Like it or not, persons who want to limit population also want to believe too many people is a basic problem.
People are the basis of wealth. There have never been too many people. It’s confused with mistakes in how to distribute and use resources—part of a learning process.
For instance, we choose to use 32 acres of dwindling land resource per mile average for four-lane interstate highways perhaps without realizing the full meaning of the choice.
Meanwhile the Japanese and Italians have discovered they need to pay subsidies to get their people to have more children.
Most nations of the world will soon face a shortage of young people, and then who is going to pay for me?
That fits with my legislative plan for alternative retirement. I don’t have to run for congress—a state legislature would do. Of course, I must win office, then get re-elected to show I stand to keep getting elected as an incumbent.
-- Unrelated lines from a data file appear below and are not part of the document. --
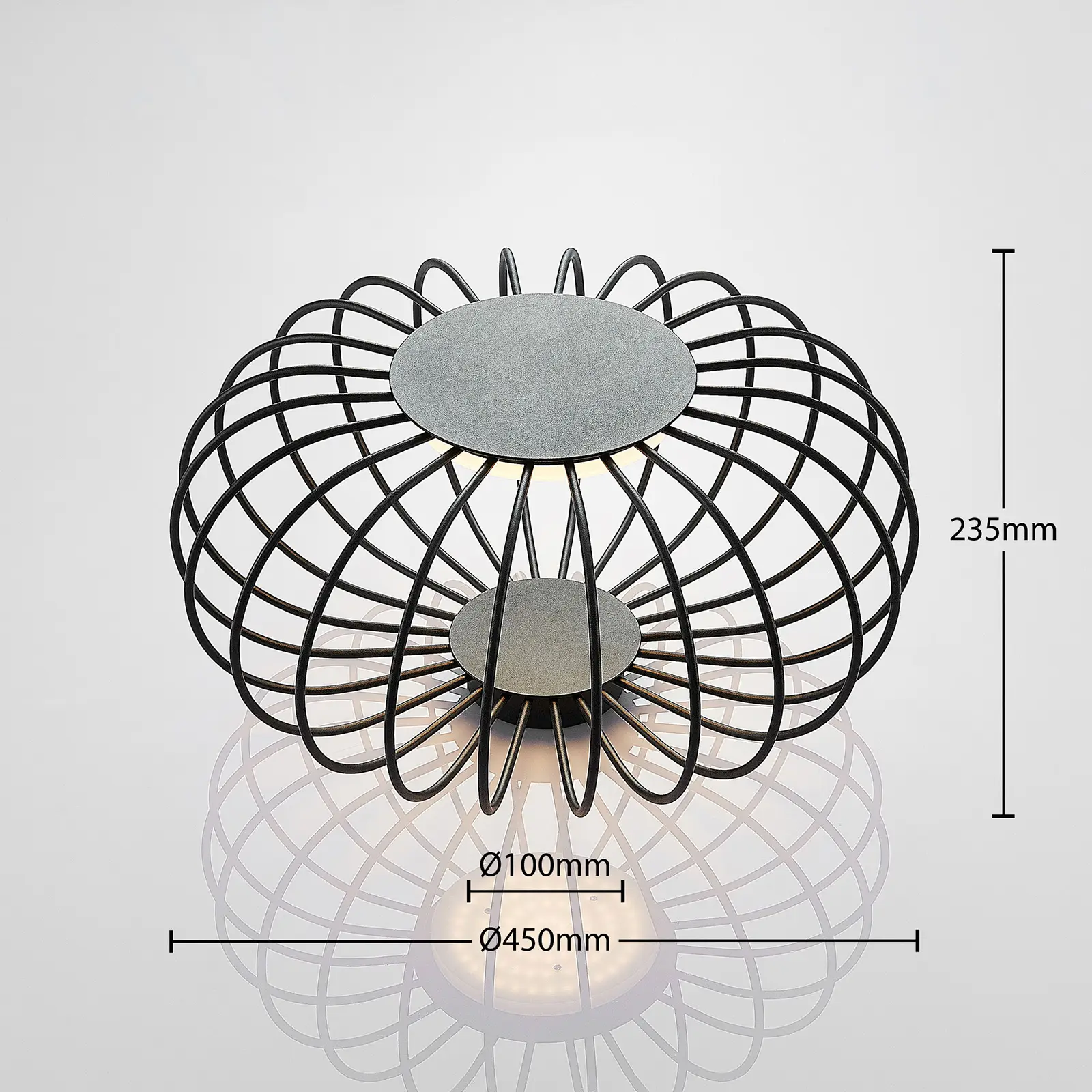 Lucande Lusine LED lubinis šviestuvas juodos spalvos
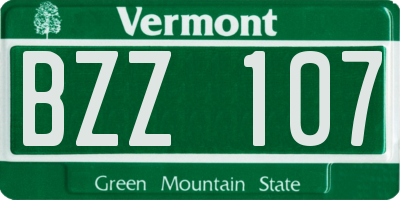 VT license plate BZZ107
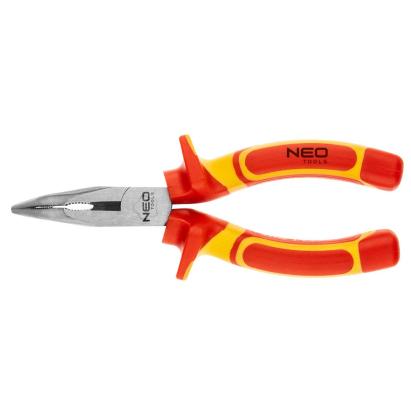 Cleste cu cioc semirotund si muchie taietoare indoit 6" 1000V VDE NEO TOOLS 01-227 HardWork ToolsRange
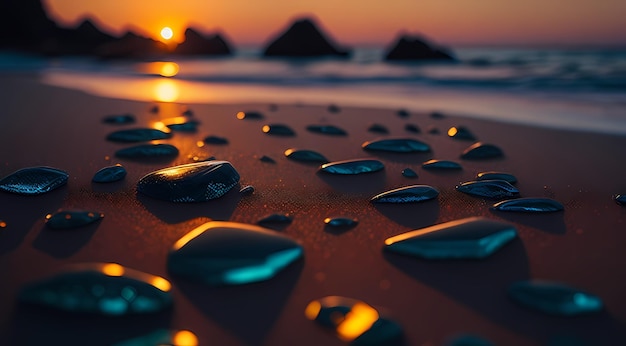 HD Wallpaper en zoomachtergrond Gloeiende glazen stenen op een zonsopgangstrand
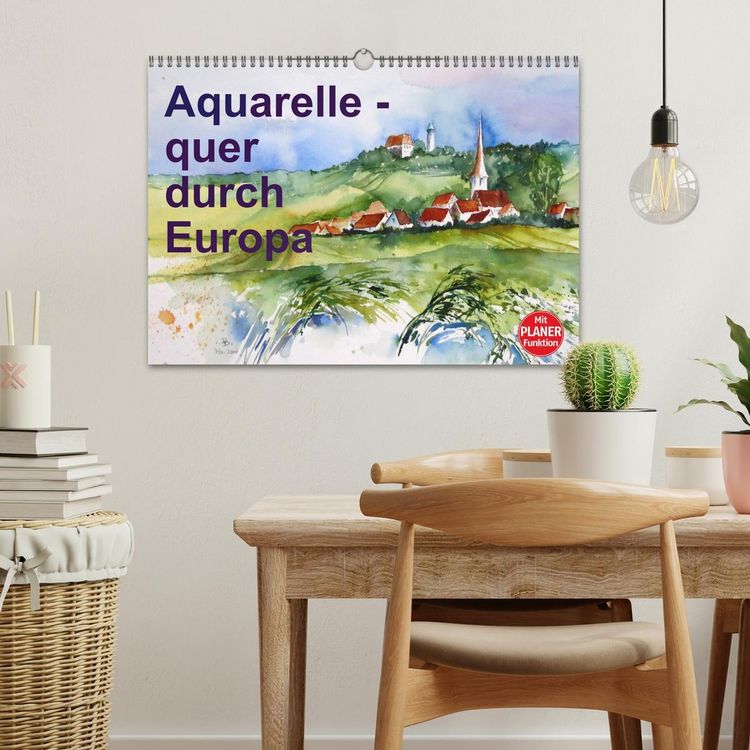 Produktbild: Aquarelle - quer durch Europa (Wandkalender 2026 DIN A3 quer), CALVENDO Monatskalender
Say I had the good sense to locate in a rural county where a wealthy company wants to do something important for it. How about a pipeline across my county? They could legally show gratitude for me helping them get a tax exemption by contributing to my re-election fund, them and quite a few other companies with other goals. The possibilities are endless.
Why, I wouldn’t expose that company’s well placed generosity even if a county commission in my area asked me to appear before it to explain what’s going on. Of course, I might have to watch some other legislator choose to talk to them, and that might be irksome.
Now, I can’t spend money right away from that re-election campaign fund. That might look like something dishonest--maybe like bribery. No, but when I leave office, all of that left-over campaign money will be mine honestly and completely. I only have to serve a few terms, and I have a beautiful retirement.
Yes, I’ll have a great retirement courtesy of you. You only have to vote for me if I choose to run under the greatest, most honest slogan you’ll ever hear—I need the money!
But back to my first concern, that one if I don’t get elected, and young people don’t have more children to support me. I do have plans to save Social Security if only they would let Jerry run the world instead of being in the state legislature.
A Wall Street advisor, a Mr. Mathias, wrote in a newsletter I receive that the only two solutions to face in the Social Security situation are higher taxes or lower benefits. No, no, no, Mr. Mathias—I want my benefits untouched and my cost of living raises on time. I worked for them, and you had better realize that.
I believe there are other solutions that had better be faced if the powers that be don't want to face a rebellion.
First, they need to pay Social Security back for all of the funds they borrowed for other programs plus interest, and that better be at least at a banking passbook rate for more than a half-century.
Second, they need to see what other programs can be dissolved, including cabinet divisions such as Education and Energy, to turn the funding to maintaining Social Security.
Social Security has been the most successful program of government limiting poverty for the elderly, and adding stimulus funds to local economies.
Third, they need to illustrate their commitment to taking care of America's elderly by cutting their own salaries and benefits in congress, in the executive including the president personally, and in the supreme court--as poor stewards of the program, they don't deserve much. The court needs to share the pain for its decisions.
As part of this, they need to place their own retirements within Social Security to enhance their respect for their responsibilities. They can also add the pensions for all government workers including the military into the program, and eliminate those other costly pensions.
I don’t mind if the rates are brought higher to bring these people in at their accustomed levels as long as they raise Social Security rates for all of us to the same levels.
Come to think of it, let’s add corporate bonuses to the program for sure for sure.
Other than this, don’t bother me. I’m a little grumpy about my retirement.